Legislation introducing plain packaging for tobacco products has passed its first reading in Parliament.
However it won't be passed into law until action taken by tobacco companies against similar Australian legislation has been resolved.
Associate health minister Tariana Turia is in charge of the bill and disagrees with that approach, saying it should become law as soon as possible.
Mrs Turia, the co-leader of the Maori Party, told Parliament on Tuesday night the move is about getting rid of tobacco branding.
"The decision to introduce plain packaging for tobacco products in New Zealand is all about the branding. It takes away the last means of promoting tobacco as a desirable product.
"When tobacco manufacturers push tobacco, they are not simply selling a stick of nicotine, they are selling status, social acceptance and adventure."
The only party to oppose the bill was ACT. Its MP, John Banks, told the House it would be more honourable to pass legislation banning tobacco altogether, as this bill inhibits companies from carrying out their lawful business.
The bill will now go to a select committee for public submissions.
Earlier, Prime Minister John Key said the Government intended to only pass the bill through its first reading and then put it on hold.

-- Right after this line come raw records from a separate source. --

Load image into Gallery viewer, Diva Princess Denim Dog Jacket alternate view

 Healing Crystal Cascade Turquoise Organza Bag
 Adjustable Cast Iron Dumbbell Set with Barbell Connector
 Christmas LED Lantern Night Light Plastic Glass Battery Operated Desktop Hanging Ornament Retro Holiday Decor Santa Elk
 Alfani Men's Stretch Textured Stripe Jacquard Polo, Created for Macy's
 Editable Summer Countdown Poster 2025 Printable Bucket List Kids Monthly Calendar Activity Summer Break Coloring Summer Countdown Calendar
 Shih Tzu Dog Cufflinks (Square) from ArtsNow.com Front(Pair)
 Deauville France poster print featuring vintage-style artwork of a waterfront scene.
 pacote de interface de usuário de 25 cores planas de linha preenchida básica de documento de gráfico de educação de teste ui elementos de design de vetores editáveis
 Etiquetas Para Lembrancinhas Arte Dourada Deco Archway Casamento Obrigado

"I don't really see the point in us finally passing the legislation until we see exactly what happens in the Australian court case. We have a slightly different system, but there might just be some learnings and if there are learnings out of that, it would be sensible to potentially incorporate those in either our legislation or avoid some significant costs."
But Tariana Turia said she didn't know why the Government needed to wait.
"Our legislation's quite different, the rules around tobacco are quite different, and there is still a brand on these cigarettes, so I don't know what the delay would be. We've got thirteen people who die a day in this country, five thousand a year - why would we wait?"
The Labour Party has urged the Government to pass the legislation into law before the Trans-Pacific Partnership free-trade agreement is signed.
Leader David Cunliffe believed New Zealand should take a stronger stance than waiting for an Australian court.
"I think that's regrettable, I think the best way through this would be for New Zealand to take a very clear an upfront position on plain packaging."
Mr Cunliffe said if the plain packaging regulations were in place before the Trans-Pacific Partnerhsip deal takes effect, then it would be less likely to be retrospective.
"Imagine the difficulty of signing a retrospective instrument which gave corporates the right to sue the New Zealand Government.
"If we have a legitimate health regulatory policy step, then we should pursue it in the public interest. The Government should not be running scared of tobacco interests because they're worried about being sued."